(Recorded data)
________

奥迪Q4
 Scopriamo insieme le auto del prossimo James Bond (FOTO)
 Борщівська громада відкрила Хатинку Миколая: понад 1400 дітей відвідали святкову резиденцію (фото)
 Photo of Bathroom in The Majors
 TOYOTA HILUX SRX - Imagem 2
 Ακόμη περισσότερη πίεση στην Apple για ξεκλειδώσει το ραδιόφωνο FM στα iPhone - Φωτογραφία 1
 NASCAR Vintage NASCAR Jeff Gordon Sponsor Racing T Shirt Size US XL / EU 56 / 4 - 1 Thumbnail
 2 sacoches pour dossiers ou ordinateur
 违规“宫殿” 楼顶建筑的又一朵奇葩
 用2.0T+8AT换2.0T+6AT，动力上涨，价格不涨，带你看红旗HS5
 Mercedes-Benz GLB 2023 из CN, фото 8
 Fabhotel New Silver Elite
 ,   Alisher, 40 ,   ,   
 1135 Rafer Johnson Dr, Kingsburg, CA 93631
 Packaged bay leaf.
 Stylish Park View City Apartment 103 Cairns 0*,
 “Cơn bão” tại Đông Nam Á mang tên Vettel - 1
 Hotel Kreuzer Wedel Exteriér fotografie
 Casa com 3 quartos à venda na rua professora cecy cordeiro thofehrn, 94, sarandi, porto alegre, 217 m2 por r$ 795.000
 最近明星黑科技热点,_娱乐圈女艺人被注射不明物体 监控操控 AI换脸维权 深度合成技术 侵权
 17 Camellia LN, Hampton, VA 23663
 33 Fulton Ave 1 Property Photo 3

________

• Work item: Transcribe every record exactly, keeping each line as it is.

• Result below:
奥迪Q4
 Scopriamo insieme le auto del prossimo James Bond (FOTO)
 Борщівська громада відкрила Хатинку Миколая: понад 1400 дітей відвідали святкову резиденцію (фото)
 Photo of Bathroom in The Majors
 TOYOTA HILUX SRX - Imagem 2
 Ακόμη περισσότερη πίεση στην Apple για ξεκλειδώσει το ραδιόφωνο FM στα iPhone - Φωτογραφία 1
 NASCAR Vintage NASCAR Jeff Gordon Sponsor Racing T Shirt Size US XL / EU 56 / 4 - 1 Thumbnail
 2 sacoches pour dossiers ou ordinateur
 违规“宫殿” 楼顶建筑的又一朵奇葩
 用2.0T+8AT换2.0T+6AT，动力上涨，价格不涨，带你看红旗HS5
 Mercedes-Benz GLB 2023 из CN, фото 8
 Fabhotel New Silver Elite
 ,   Alisher, 40 ,   ,   
 1135 Rafer Johnson Dr, Kingsburg, CA 93631
 Packaged bay leaf.
 Stylish Park View City Apartment 103 Cairns 0*,
 “Cơn bão” tại Đông Nam Á mang tên Vettel - 1
 Hotel Kreuzer Wedel Exteriér fotografie
 Casa com 3 quartos à venda na rua professora cecy cordeiro thofehrn, 94, sarandi, porto alegre, 217 m2 por r$ 795.000
 最近明星黑科技热点,_娱乐圈女艺人被注射不明物体 监控操控 AI换脸维权 深度合成技术 侵权
 17 Camellia LN, Hampton, VA 23663
 33 Fulton Ave 1 Property Photo 3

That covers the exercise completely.